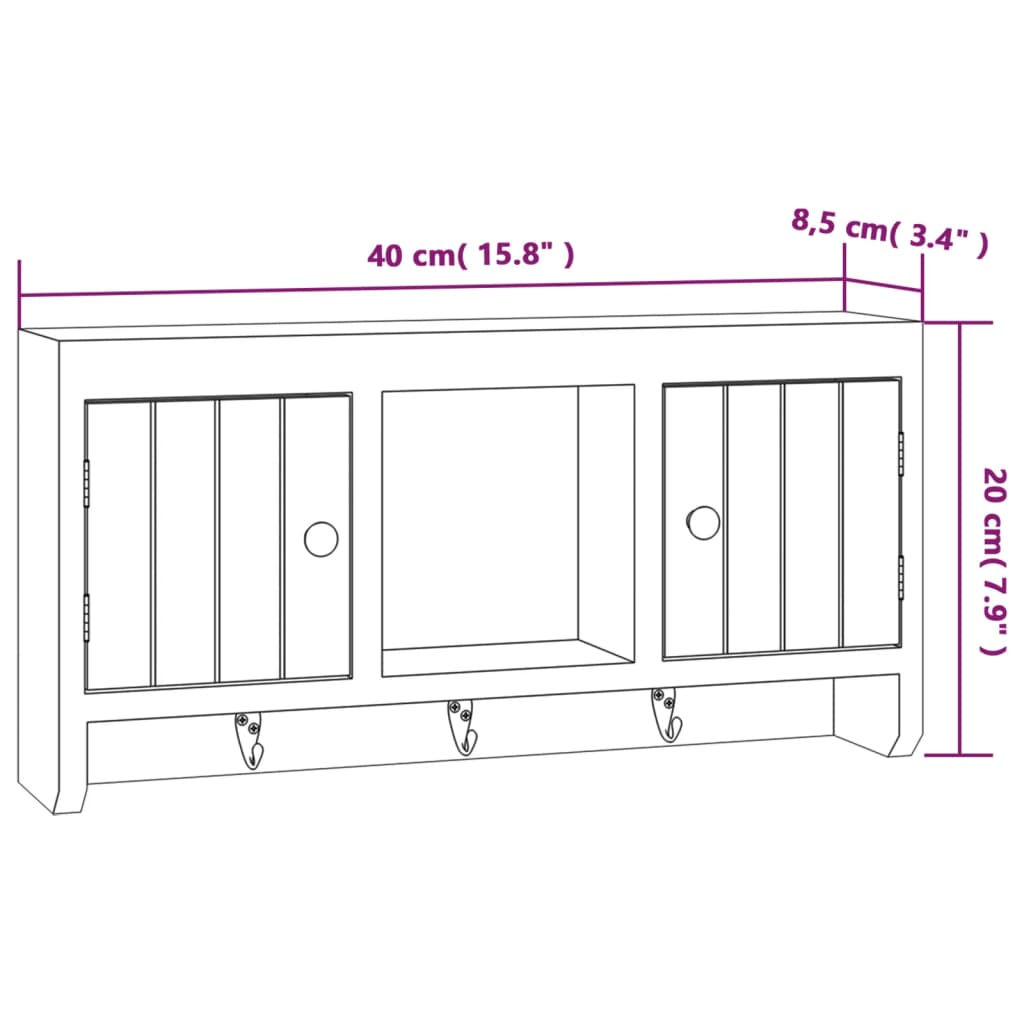 Key cabinet dimensions 40x8.5x20 cm, featuring three hooks and compartments for organized storage. Perfect for home decor.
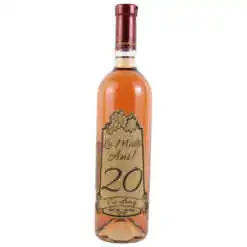 Vin rose 750 ml "20 La multi ani! cu drag" cu eticheta personalizata din pluta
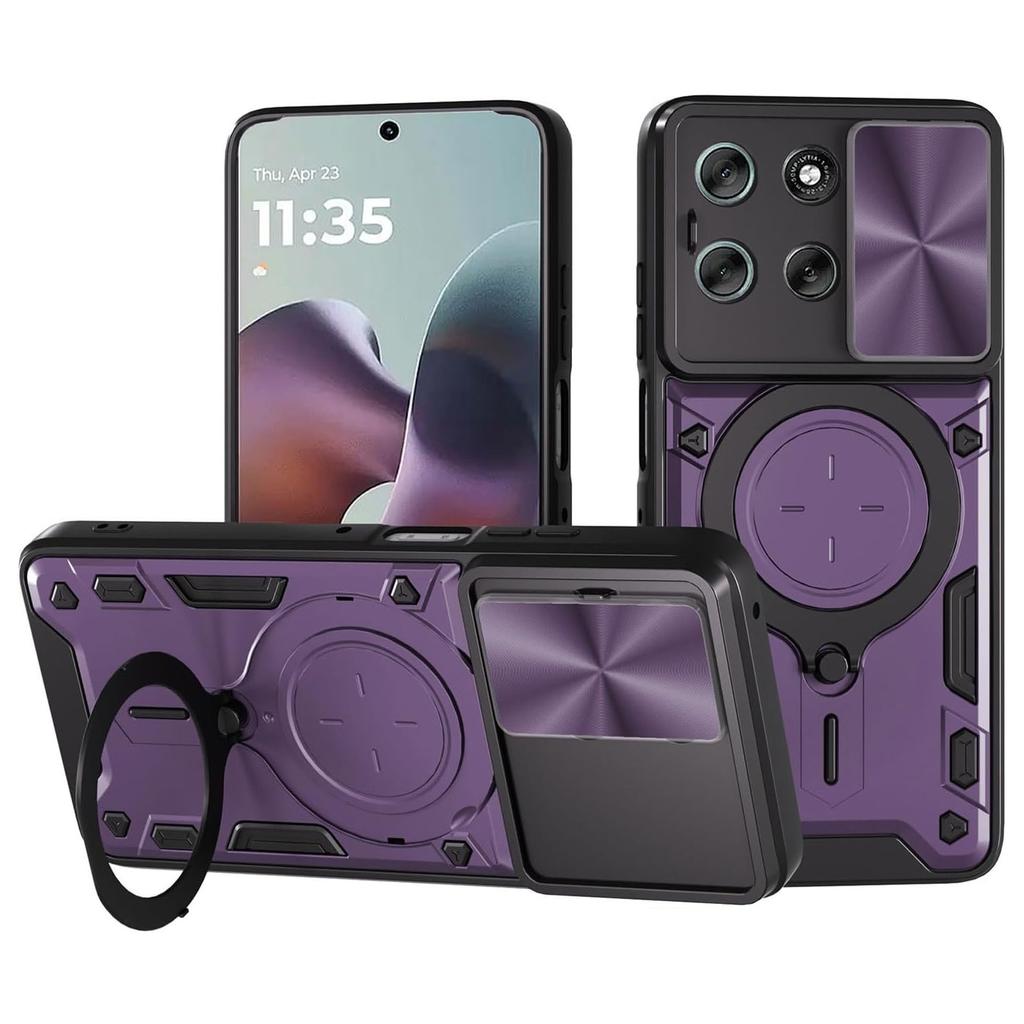 Für Moto Edge 70 Hülle Stoßfeste Armor Slide Kamera Schutz Rückabdeckung für Motorola Edge70 X70 Air Magnetischer Ring Halter Abdeckung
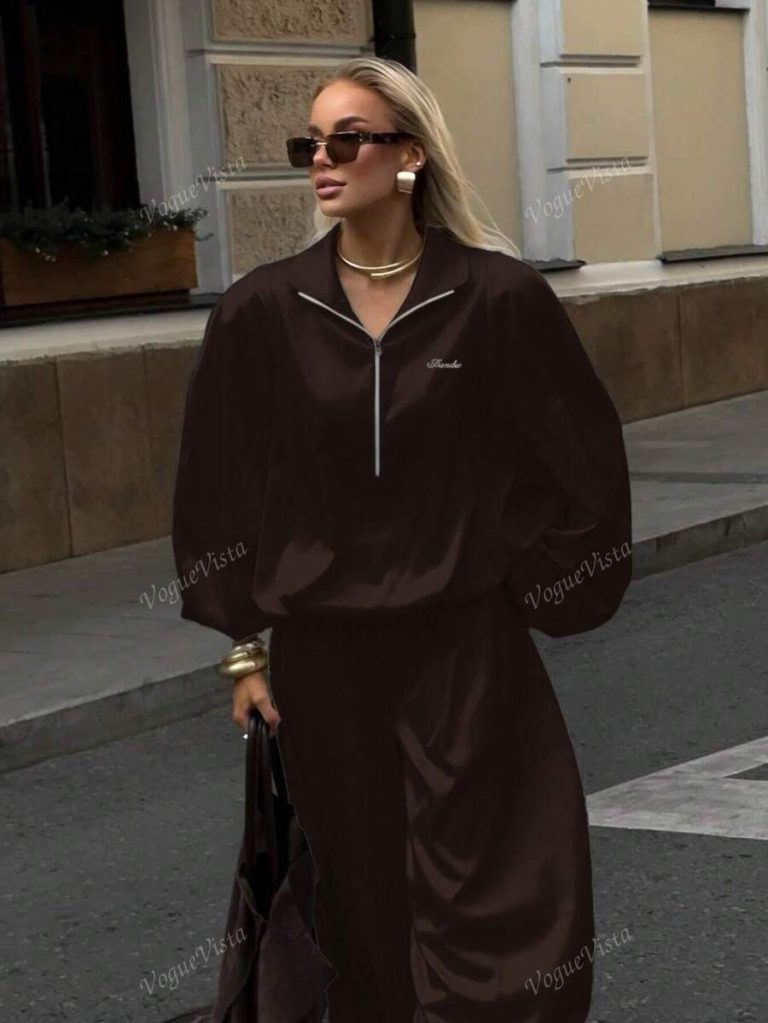 Women's 2 Pieces Set - Half Zip Velvet Elegant Casual Wide Leg Pants, Solid Color Elegant Casual Pockets - Image 7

——————

Write out the lines of the listing from the one that holds "Vin rose 750" to the very last line, both included, exactly as they appear and without any pictures.

 Vin rose 750 ml "20 La multi ani! cu drag" cu eticheta personalizata din pluta
 Für Moto Edge 70 Hülle Stoßfeste Armor Slide Kamera Schutz Rückabdeckung für Motorola Edge70 X70 Air Magnetischer Ring Halter Abdeckung
 Women's 2 Pieces Set - Half Zip Velvet Elegant Casual Wide Leg Pants, Solid Color Elegant Casual Pockets - Image 7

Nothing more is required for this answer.